Sentiment analysis is a task in natural language processing that involves determining the sentiment expressed in a given text, classifying it as positive, negative, or neutral. It helps analyze people's opinions and emotions from text data, enabling businesses to understand customer feedback, monitor brand reputation, and make informed decisions.

In this notebook, we will use the IMDB Dataset, which is widely used in the field of natural language processing and sentiment analysis. It comprises a large collection of movie reviews from the IMDB website, with each review labeled as either positive or negative based on the sentiment expressed in the text.

![bert_model](https://drive.google.com/uc?export=view&id=1rWKk7K5-0MX8EkjPeRZTaG7byFQuD6Cx)

BERT (Bidirectional Encoder Representations from Transformers) is a state-of-the-art deep learning model for natural language processing (NLP). It is based on the Transformer architecture and is pre-trained on a large corpus of text data. BERT is designed to understand the context and meaning of words in a sentence by considering both the left and right context, enabling it to capture intricate language patterns. It has achieved remarkable results across various NLP tasks, including text classification, named entity recognition, question answering, and has significantly advanced the field of NLP.


In [None]:
from google.colab import drive

drive.mount("/content/drive")

Drive already mounted at /content/drive; to attempt to forcibly remount, call drive.mount("/content/drive", force_remount=True).


### Download Dependencies


In [None]:
%%time
!wget -nc -q http://files.fast.ai/data/aclImdb.tgz
!tar -xzf aclImdb.tgz
!pip install datasets transformers -q
print(f'Dataset downloaded with success.')
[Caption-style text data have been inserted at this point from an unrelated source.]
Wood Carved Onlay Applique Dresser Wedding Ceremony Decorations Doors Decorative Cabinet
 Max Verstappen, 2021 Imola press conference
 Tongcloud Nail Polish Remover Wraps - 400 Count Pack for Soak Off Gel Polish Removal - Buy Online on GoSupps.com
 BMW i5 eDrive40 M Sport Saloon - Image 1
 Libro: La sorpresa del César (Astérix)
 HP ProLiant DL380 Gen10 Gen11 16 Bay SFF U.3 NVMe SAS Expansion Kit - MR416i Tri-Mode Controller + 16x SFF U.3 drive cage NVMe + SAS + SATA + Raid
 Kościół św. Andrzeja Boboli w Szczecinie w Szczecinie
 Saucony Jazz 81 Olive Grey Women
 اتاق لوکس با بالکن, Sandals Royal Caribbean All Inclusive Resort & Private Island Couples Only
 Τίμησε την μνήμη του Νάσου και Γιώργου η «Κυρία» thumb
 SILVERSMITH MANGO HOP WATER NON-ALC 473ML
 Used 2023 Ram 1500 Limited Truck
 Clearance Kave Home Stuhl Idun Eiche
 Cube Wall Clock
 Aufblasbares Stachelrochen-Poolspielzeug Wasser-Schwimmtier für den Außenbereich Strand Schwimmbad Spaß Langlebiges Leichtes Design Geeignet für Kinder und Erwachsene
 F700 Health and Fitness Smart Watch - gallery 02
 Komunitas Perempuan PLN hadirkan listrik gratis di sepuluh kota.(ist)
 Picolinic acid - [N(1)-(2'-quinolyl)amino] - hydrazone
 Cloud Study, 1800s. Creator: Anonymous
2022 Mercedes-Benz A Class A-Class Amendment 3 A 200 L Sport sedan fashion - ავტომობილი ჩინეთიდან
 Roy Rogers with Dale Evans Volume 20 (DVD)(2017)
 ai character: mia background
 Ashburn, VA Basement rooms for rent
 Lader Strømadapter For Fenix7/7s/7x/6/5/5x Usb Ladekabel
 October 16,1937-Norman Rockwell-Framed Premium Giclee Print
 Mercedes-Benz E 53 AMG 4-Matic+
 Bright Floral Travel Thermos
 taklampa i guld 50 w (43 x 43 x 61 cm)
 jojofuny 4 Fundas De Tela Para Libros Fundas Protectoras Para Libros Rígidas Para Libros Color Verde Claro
Dataset downloaded with success.
CPU times: user 220 ms, sys: 35 ms, total: 255 ms
Wall time: 39 s


In [None]:
import os
import copy
import torch
import random
import numpy as np
import matplotlib.pyplot as plt

from tqdm.notebook import tqdm
from torch.utils.data import DataLoader, Dataset
from torch import nn
from transformers import (
    BertTokenizerFast,
    BertForSequenceClassification,
    AdamW,
    get_linear_schedule_with_warmup,
)

from datasets import load_metric

print(f"Libraries imported successfully.")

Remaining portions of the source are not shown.